Museum of Modern Art
February 6- April 9, 2012
It was a huge mistake to walk through this exhibit immediately after seeing the Cindy Sherman extravaganza. Compared to the massive and glaring Sherman tableau's, the small and dark Atget prints seemed to be fading away into the walls. I kept wanting to ask someone to turn up the lights. But that is a complete injustice to Atget. This is a full career survey with many prints I had never seen before. These were prints Atget sold for pennies to artists and architects. No thought was given to their own artistic value. The design and detail in these images is extraordinary. They have a jewel-like quality to them, and as my eyes began to adjust, these prints sparkled. Here is the exhibit description from the MoMA website, along with photos I took of some of my favorite images-
This exhibition presents six fresh and highly focused cross sections through the career of master photographer Eugène Atget (French, 1857–1927), drawn exclusively from the Museum’s unparalleled holdings of his work. The sign outside Atget’s studio read, “Documents pour artistes,”—declaring his modest ambition to create images for other artists to use as source material. This humility belied the visual sophistication and distinctive vision that characterized much of Atget’s own work.
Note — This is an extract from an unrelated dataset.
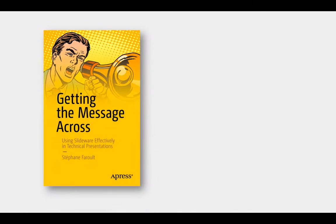Hi, I'm Stéphane Faroult, and this is the third installment in my video overview of my book Getting the Message Across, how to use presentation software such as PowerPoint to give interesting technical presentations.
Whether exploring the urban texture of Paris’ fifth arrondissement throughout the first quarter of the 20th century, or the abandoned grandeur of the parks at Sceaux during a remarkable creative outburst in the spring of 1925, Atget captured the essence of his chosen subject through the camera’s lens with increasing sensitivity throughout his career. Also featured are his photographs made in the Luxembourg gardens, as well as a concise selection from Atget’s sustained investigation of Parisian and rural courtyards.
Two final sections of the exhibition highlight Atget’s attention to the human figure, a rare but significant aspect of his work, as well as his “Surrealist” photographs of mannequins, store windows, and street fairs that so intrigued the Parisian avant-garde in the 1920s.
Atget began making photographs in the late 1890s, and the photographs featured in this exhibition span the breadth of his career. However, more than two-thirds of the over 100 works on view were made after World War I when Atget’s photographic vision had fully matured, and these remain taut, essential, and surprising pictures to this day.